Nos ayuda a soltar. A entregarte a los elementos y aferrarte a las estructuras más básicas: a veces son simples letreros, señales pegadas a un fierro de usos múltiples.
En otras, son sencillas pero completas. Nadie necesita más en la vereda cuando hay un techo que te cubre de la lluvia, te permite escampar y, en los mejores casos, te da un banquito, metálico, frío y duro, que se siente como un pan viejo: quien está cansado lo recibe con gratitud.
Entonces se convierten en confesionarios urbanos. No hay cura, porque en la Carita de Dios, nadie precisa de tramitadores celestiales. En las paradas de buses de Quito se pelea al teléfono, se negocia una deuda, se manda el primer “te amo” por WhatsApp que queda en visto marcado en azul: purgatorio en la parada.
Son la cuenta de un rosario que conecta con otro barrio, con otro cuerpo, con otra historia. Rings de boxeo de miradas, en ellas gana quien se atreve a sostener los ojos del otro. Son, también, fuelle del fuego citadino: exhalan cuando los buses llegan y escupen gente; aspiran a sus nuevos efímeros pero fieles usuarios.
En realidad, no importa cuántas sean. Importa que allí, bajo esos rectángulos metálicos o dentro de esas cajas de cereal de tamaño real de vidrio y metal, la ciudad se revela en su estado más puro: humana, pensativa, solitaria, breve, carcajeante, en compañía. Hay gente muy cansada que va al trabajo, o muy seria que piensa en las filas que tendrá que enfrentar cuando se baje.

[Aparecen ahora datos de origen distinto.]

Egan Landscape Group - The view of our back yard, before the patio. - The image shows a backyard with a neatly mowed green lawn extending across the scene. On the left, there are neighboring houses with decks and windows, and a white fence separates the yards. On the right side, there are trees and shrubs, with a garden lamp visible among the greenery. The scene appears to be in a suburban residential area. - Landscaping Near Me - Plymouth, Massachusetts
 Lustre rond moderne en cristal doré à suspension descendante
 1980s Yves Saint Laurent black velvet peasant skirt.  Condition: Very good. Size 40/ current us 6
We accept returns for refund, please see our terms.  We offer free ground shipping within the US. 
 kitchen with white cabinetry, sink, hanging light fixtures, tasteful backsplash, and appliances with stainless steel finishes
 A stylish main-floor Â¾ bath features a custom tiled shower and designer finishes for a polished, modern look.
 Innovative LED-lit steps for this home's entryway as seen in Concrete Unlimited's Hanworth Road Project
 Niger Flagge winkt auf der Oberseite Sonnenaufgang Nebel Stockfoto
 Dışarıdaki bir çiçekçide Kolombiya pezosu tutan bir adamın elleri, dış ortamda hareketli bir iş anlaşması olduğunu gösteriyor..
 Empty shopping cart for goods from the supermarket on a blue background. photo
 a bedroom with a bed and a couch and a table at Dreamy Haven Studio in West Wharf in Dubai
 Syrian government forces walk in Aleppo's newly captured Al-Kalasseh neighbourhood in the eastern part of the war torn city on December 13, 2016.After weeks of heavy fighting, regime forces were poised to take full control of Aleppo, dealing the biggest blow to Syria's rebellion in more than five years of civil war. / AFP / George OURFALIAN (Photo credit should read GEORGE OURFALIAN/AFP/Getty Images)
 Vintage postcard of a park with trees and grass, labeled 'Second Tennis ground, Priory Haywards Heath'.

Otros, en cambio, solo se suben y se bajan por diversión, enmarañados en sus propios mundos, dándose besos en cada parada y en cada unidad de transporte urbano, eufemismo favorito de los autobuses que no logra esconder, en muchos casos, la nube tóxica que escupen por la retaguardia.
La parada de bus es un punto de partida, pero nunca un punto de llegada: es apenas un hito, un ojo de aguja donde se engarza el hilo de nuestra existencia quiteña.
Y como en ella no queda más que esperar, el tiempo alcanza para todas las demás cosas que el apuro de todos los días nos mezquina. Cuando uno espera el bus en Quito, se está esperando a sí mismo.